Editor's note: This essay by Kerry Cronin is reprinted with permission from "Intimacy and Relationships in Catholic Life," the Spring 2014 issue of C21 Resources, published by the Church in the 21st Century Center at Boston College. The 38-page glossy, magazine-style publication contains 17 essays by various authors examining such topics as "intimacy in the age of Facebook," sexual relationships inside and outside marriage, intimacy in celibacy, theology of the body, intimacy between generations and intimacy with God.
Using "Intimacy and Relationships in Catholic Life" in parish study groups for adults, young adults or married couples would generate thoughtful and useful discussions.
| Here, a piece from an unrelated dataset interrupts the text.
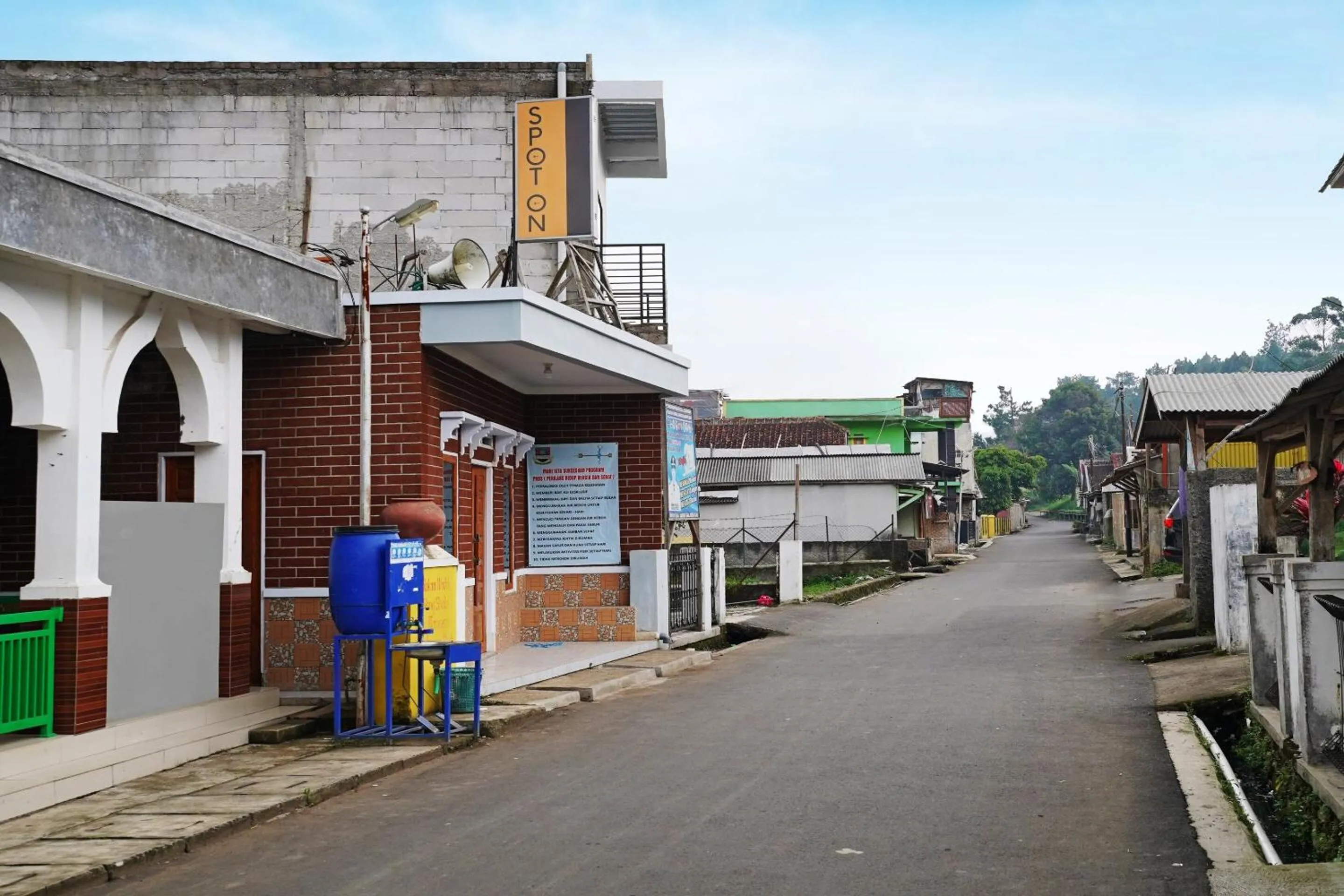 Facade/entrance in OYO Homes 91006 Eco Tourism Desa Cibodas Areng 5 Syariah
Learn more about C21 Resources or obtain copies of this issue by visiting www.bc.edu/c21 or send an email inquiry to firstname.lastname@example.org.
How I found myself talking with young adults about hookup culture, dating and relationships is still a bit mysterious to me, but one thing I know for sure is that about 10 years ago I started to sense a genuine loneliness among the otherwise bright, involved, connected and accomplished students at my university.
When I asked about their lives -- not just about their academic lives, but about their personal, moral and spiritual lives -- what troubled and saddened me more than whether or not they were having sex (though that certainly concerns me, no doubt) is how little sex and sexual intimacy even mattered to them. Still today, not only do many of them think that sex is "no big deal," they usually display little hope that it will ever amount to all that much. They are deeply ambivalent about sex having any significant meaning, and in the context of their mostly ironic culture, they are wary of being duped by grand claims about intimacy, sexual or otherwise. As they say, it's all "just a thing." And they have plenty of evidence from their own lives, the lives of their families and friends, and from the wider sexualized culture to prove it. But when I started to really pay attention to what young adults were saying and doing in their hookups, dating and relationships, I found what I would call a low-level, grinding despair.